Traditional methods to study sound propagation inside rooms can be divided in two approaches: geometrical models and wave-based models. In the former, sound is analyzed as rays, giving a valid approximation for high frequencies while failing to model certain wave effects such as diffraction or inference. The latter, finds solutions for the wave equation, providing better accuracy at the cost of much higher computational complexity.
This thesis presents a proof of concept for a novel machine learning method to estimate a set of typical room acoustics parameters using only geometrical information as input features. First, a room acoustics dataset composed of real world acoustical measurements is analyzed and processed using microphone array encoding techniques to extract room impulse responses and acoustical absorption area for multiple directions.
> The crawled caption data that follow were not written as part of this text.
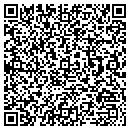 QR code with APT Selector contacts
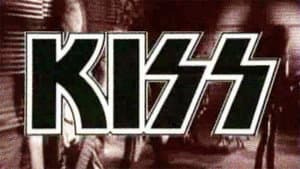Kiss: Konfidential — foto 1
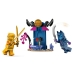 Playset Lego NINJAGO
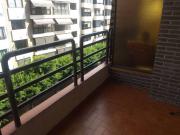 Piso en Alquiler en València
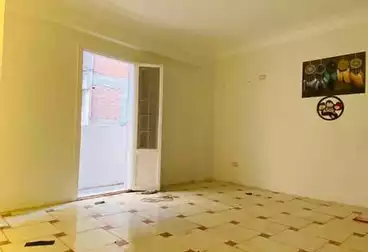 Apartments For sale - 2 rooms - floor 3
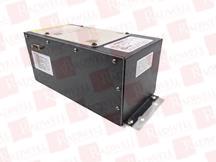 SIEMENS TPS-C1/120 2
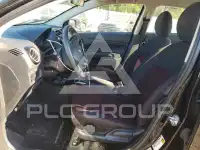 2020 Mitsubishi MIRAGE фото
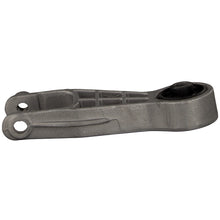 Load image into Gallery viewer, Corsa Rear Engine Mount Mounting Support Fits Vauxhall 06 84 713 Febi 26327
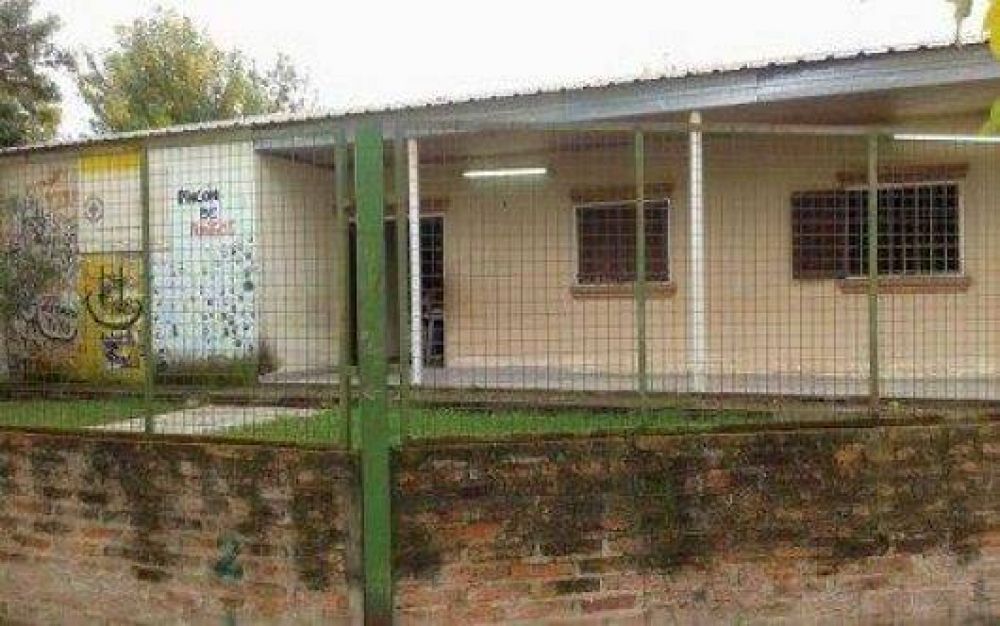 Hermindo Gonz�lez no descart� que, en el caso Micaela, hubiera una violaci�n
The dataset is explored to identify correlation between features and general properties, including a low dimensionality representation for visualization.
The proposed method uses geometrical features as input for a neural network model that estimates room acoustics parameters, such as reverberation time (T60), and early decay time (EDT). For reverberation time, this model is evaluated against the Sabine method and the results show much higher accuracy, especially at low frequencies. The method is then expanded to include input features for the locations of the source and microphone, where the results also achieve high performance.
Furthermore, an hyperparameter optimization procedure using random search reveals three main findings. First, that a large range of neural networks architectures, even with very few trainable parameters, achieve high performance. Second, the depth of the models has little influence on the results. Third, the benefit of increasing the amount of training data examples for a single loudspeaker saturates after around 100 examples.